Tuffò il pensiero nel passato. Ricordò le loro stagioni di caccia : la neve, la brina, 
i voli dei germani, le pavoncelle e tutto il resto.
Cercò di rammentare come era accaduto ; ma non lo ricordava adesso.
Forse era per via di quel male senza speranza, e forse per gli occhi del suo cane
che gli chiedevano un pò d ' aiuto.
Un pomeriggio d'inverno si avviarono al fiume. Lui era come Abramo sul punto d'immolare
il figlio, ma continuò ad andare....
Aveva in mente di fare una cosa alla svelta.
<< Una fucilata e via ! >> pensava. Al resto avrebbe provveduto la corrente.
Provò a chiudere gli occhi, e si figurò l'acqua che trascinava il corpo del suo <<Vecchio>>,
lontano.
Lontano dagli occhi, dal rimorso. Forse un poco anche dal cuore.
Sentì una commozione profonda salirgli su per la gola ed affrettò il passo. Poi si decise.
Tolse il fucile dalla spalla e l'impugnò. Si fermò. Chiamò il cane e restarono un attimo
a guardarsi.
Immobili, come se scoprissero tutto il dramma che si svolgeva dentro di loro, attoniti.
Solo allora capì la misura della loro amicizia.
Sotto la sponda un branco d'aironi pescava tra i sassi nell'acqua bassa, mentre una brezza
sottile che saliva dal fiume, alitava tra gli alberi. Fù lì che si dissero addio.
La fucilata destò echi nascosti nella campagna, impaurì gli aironi che balzarono nell'aria, e
lui vide il <<Vecchio>> sprofondare nella corrente.

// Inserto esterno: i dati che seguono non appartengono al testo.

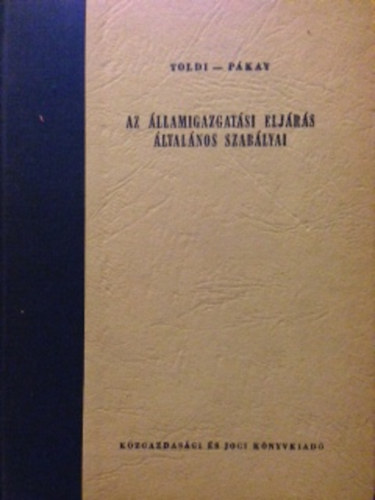 Az llamigazgatsi eljrs ltalnos szablyai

Rimase impietrito, col fucile ancora imbracciato e l'eco del tuono che gli rimbalzava dal cuore
al cervello come una molla.
Il nodo che aveva in gola si sciolse. Avvertì le lacrime negli occhi e non potè trattenerle.
Quando l'ombra della morte si stese piano piano sulla corrente per portar via il suo amico,
egli non la vide neppure.
Non intese l'aria che gli sollevava il bavero della giacca, il branco degli aironi che calavano
in pastura, la voce del fiume che raccontava agli alberi incomprensibili storie.
Gli parlò la voce del suo dolore ed ebbe un brivido di smarrimento.
Allora comprese che non c'è retorica quando si uccide un cane, perchè dentro sembra 
d'aver ucciso una parte di se stesso.